» **Work request**
Copy out the data that follows exactly, leaving out no line.

════════════════════

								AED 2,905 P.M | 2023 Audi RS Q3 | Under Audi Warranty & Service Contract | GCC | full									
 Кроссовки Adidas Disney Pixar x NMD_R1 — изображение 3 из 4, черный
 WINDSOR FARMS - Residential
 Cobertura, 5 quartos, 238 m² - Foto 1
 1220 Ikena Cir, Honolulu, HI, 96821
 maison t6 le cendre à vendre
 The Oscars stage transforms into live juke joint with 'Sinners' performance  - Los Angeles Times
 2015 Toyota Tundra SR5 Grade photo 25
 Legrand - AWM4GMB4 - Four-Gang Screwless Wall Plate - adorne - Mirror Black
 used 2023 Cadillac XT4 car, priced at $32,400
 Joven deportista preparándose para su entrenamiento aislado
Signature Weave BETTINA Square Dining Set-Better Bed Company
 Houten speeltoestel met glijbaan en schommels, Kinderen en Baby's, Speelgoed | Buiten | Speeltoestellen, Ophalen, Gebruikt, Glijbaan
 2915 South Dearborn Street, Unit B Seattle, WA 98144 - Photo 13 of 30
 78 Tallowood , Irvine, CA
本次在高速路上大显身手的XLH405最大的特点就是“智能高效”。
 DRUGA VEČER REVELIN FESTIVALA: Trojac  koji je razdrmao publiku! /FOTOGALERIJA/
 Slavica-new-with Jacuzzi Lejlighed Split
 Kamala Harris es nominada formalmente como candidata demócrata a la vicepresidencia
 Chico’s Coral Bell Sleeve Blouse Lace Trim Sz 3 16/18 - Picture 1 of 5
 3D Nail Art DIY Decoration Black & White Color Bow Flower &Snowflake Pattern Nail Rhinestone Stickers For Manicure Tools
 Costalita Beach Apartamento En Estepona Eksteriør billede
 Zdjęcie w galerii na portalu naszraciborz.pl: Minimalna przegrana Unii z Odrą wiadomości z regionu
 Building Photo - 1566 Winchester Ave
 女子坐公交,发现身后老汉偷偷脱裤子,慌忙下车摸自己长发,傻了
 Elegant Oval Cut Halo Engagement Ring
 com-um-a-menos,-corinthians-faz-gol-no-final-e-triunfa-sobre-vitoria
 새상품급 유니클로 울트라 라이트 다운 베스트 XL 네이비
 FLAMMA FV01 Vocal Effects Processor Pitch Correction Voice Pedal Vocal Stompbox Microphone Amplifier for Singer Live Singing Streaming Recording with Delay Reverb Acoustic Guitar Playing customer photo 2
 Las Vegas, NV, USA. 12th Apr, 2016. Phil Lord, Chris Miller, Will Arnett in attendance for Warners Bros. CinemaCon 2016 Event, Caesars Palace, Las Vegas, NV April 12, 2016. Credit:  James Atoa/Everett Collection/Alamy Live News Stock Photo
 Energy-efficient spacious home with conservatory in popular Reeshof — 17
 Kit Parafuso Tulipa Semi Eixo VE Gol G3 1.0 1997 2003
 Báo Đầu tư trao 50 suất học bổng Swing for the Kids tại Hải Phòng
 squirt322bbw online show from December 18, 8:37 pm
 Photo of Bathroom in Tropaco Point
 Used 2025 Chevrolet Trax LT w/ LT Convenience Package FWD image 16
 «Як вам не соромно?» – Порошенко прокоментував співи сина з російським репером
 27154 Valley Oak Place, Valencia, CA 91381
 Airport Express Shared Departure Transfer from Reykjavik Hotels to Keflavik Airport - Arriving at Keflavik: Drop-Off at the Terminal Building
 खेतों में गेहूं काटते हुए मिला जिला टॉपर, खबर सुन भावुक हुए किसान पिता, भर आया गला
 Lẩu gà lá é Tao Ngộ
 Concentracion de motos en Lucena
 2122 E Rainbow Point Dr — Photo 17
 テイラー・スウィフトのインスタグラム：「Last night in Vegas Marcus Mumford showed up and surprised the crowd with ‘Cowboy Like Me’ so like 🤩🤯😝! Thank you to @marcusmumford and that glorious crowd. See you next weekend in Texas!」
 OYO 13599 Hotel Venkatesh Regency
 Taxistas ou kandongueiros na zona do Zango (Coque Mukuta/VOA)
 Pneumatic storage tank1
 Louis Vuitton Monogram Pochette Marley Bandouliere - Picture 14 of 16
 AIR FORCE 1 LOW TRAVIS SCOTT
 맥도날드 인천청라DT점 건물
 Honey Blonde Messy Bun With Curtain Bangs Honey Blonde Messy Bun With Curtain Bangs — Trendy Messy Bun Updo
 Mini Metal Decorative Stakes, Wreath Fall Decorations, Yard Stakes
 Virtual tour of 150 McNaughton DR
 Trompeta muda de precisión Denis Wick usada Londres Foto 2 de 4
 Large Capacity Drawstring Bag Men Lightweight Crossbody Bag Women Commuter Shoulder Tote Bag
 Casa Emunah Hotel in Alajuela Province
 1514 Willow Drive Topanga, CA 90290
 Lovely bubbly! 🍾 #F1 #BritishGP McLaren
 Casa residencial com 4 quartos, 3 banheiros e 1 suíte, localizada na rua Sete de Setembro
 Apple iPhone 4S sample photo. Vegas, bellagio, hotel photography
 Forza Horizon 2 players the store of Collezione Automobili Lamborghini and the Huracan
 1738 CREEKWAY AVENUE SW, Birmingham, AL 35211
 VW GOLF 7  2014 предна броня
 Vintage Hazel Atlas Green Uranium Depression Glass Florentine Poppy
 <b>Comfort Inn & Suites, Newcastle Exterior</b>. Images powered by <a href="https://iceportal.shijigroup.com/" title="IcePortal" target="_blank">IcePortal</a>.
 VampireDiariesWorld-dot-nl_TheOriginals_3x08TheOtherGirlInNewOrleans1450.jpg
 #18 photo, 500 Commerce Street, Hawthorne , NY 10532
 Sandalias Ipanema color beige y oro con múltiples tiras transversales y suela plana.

════════════════════

» **Finished exercise**
								AED 2,905 P.M | 2023 Audi RS Q3 | Under Audi Warranty & Service Contract | GCC | full									
 Кроссовки Adidas Disney Pixar x NMD_R1 — изображение 3 из 4, черный
 WINDSOR FARMS - Residential
 Cobertura, 5 quartos, 238 m² - Foto 1
 1220 Ikena Cir, Honolulu, HI, 96821
 maison t6 le cendre à vendre
 The Oscars stage transforms into live juke joint with 'Sinners' performance  - Los Angeles Times
 2015 Toyota Tundra SR5 Grade photo 25
 Legrand - AWM4GMB4 - Four-Gang Screwless Wall Plate - adorne - Mirror Black
 used 2023 Cadillac XT4 car, priced at $32,400
 Joven deportista preparándose para su entrenamiento aislado
Signature Weave BETTINA Square Dining Set-Better Bed Company
 Houten speeltoestel met glijbaan en schommels, Kinderen en Baby's, Speelgoed | Buiten | Speeltoestellen, Ophalen, Gebruikt, Glijbaan
 2915 South Dearborn Street, Unit B Seattle, WA 98144 - Photo 13 of 30
 78 Tallowood , Irvine, CA
本次在高速路上大显身手的XLH405最大的特点就是“智能高效”。
 DRUGA VEČER REVELIN FESTIVALA: Trojac  koji je razdrmao publiku! /FOTOGALERIJA/
 Slavica-new-with Jacuzzi Lejlighed Split
 Kamala Harris es nominada formalmente como candidata demócrata a la vicepresidencia
 Chico’s Coral Bell Sleeve Blouse Lace Trim Sz 3 16/18 - Picture 1 of 5
 3D Nail Art DIY Decoration Black & White Color Bow Flower &Snowflake Pattern Nail Rhinestone Stickers For Manicure Tools
 Costalita Beach Apartamento En Estepona Eksteriør billede
 Zdjęcie w galerii na portalu naszraciborz.pl: Minimalna przegrana Unii z Odrą wiadomości z regionu
 Building Photo - 1566 Winchester Ave
 女子坐公交,发现身后老汉偷偷脱裤子,慌忙下车摸自己长发,傻了
 Elegant Oval Cut Halo Engagement Ring
 com-um-a-menos,-corinthians-faz-gol-no-final-e-triunfa-sobre-vitoria
 새상품급 유니클로 울트라 라이트 다운 베스트 XL 네이비
 FLAMMA FV01 Vocal Effects Processor Pitch Correction Voice Pedal Vocal Stompbox Microphone Amplifier for Singer Live Singing Streaming Recording with Delay Reverb Acoustic Guitar Playing customer photo 2
 Las Vegas, NV, USA. 12th Apr, 2016. Phil Lord, Chris Miller, Will Arnett in attendance for Warners Bros. CinemaCon 2016 Event, Caesars Palace, Las Vegas, NV April 12, 2016. Credit:  James Atoa/Everett Collection/Alamy Live News Stock Photo
 Energy-efficient spacious home with conservatory in popular Reeshof — 17
 Kit Parafuso Tulipa Semi Eixo VE Gol G3 1.0 1997 2003
 Báo Đầu tư trao 50 suất học bổng Swing for the Kids tại Hải Phòng
 squirt322bbw online show from December 18, 8:37 pm
 Photo of Bathroom in Tropaco Point
 Used 2025 Chevrolet Trax LT w/ LT Convenience Package FWD image 16
 «Як вам не соромно?» – Порошенко прокоментував співи сина з російським репером
 27154 Valley Oak Place, Valencia, CA 91381
 Airport Express Shared Departure Transfer from Reykjavik Hotels to Keflavik Airport - Arriving at Keflavik: Drop-Off at the Terminal Building
 खेतों में गेहूं काटते हुए मिला जिला टॉपर, खबर सुन भावुक हुए किसान पिता, भर आया गला
 Lẩu gà lá é Tao Ngộ
 Concentracion de motos en Lucena
 2122 E Rainbow Point Dr — Photo 17
 テイラー・スウィフトのインスタグラム：「Last night in Vegas Marcus Mumford showed up and surprised the crowd with ‘Cowboy Like Me’ so like 🤩🤯😝! Thank you to @marcusmumford and that glorious crowd. See you next weekend in Texas!」
 OYO 13599 Hotel Venkatesh Regency
 Taxistas ou kandongueiros na zona do Zango (Coque Mukuta/VOA)
 Pneumatic storage tank1
 Louis Vuitton Monogram Pochette Marley Bandouliere - Picture 14 of 16
 AIR FORCE 1 LOW TRAVIS SCOTT
 맥도날드 인천청라DT점 건물
 Honey Blonde Messy Bun With Curtain Bangs Honey Blonde Messy Bun With Curtain Bangs — Trendy Messy Bun Updo
 Mini Metal Decorative Stakes, Wreath Fall Decorations, Yard Stakes
 Virtual tour of 150 McNaughton DR
 Trompeta muda de precisión Denis Wick usada Londres Foto 2 de 4
 Large Capacity Drawstring Bag Men Lightweight Crossbody Bag Women Commuter Shoulder Tote Bag
 Casa Emunah Hotel in Alajuela Province
 1514 Willow Drive Topanga, CA 90290
 Lovely bubbly! 🍾 #F1 #BritishGP McLaren
 Casa residencial com 4 quartos, 3 banheiros e 1 suíte, localizada na rua Sete de Setembro
 Apple iPhone 4S sample photo. Vegas, bellagio, hotel photography
 Forza Horizon 2 players the store of Collezione Automobili Lamborghini and the Huracan
 1738 CREEKWAY AVENUE SW, Birmingham, AL 35211
 VW GOLF 7  2014 предна броня
 Vintage Hazel Atlas Green Uranium Depression Glass Florentine Poppy
 <b>Comfort Inn & Suites, Newcastle Exterior</b>. Images powered by <a href="https://iceportal.shijigroup.com/" title="IcePortal" target="_blank">IcePortal</a>.
 VampireDiariesWorld-dot-nl_TheOriginals_3x08TheOtherGirlInNewOrleans1450.jpg
 #18 photo, 500 Commerce Street, Hawthorne , NY 10532
 Sandalias Ipanema color beige y oro con múltiples tiras transversales y suela plana.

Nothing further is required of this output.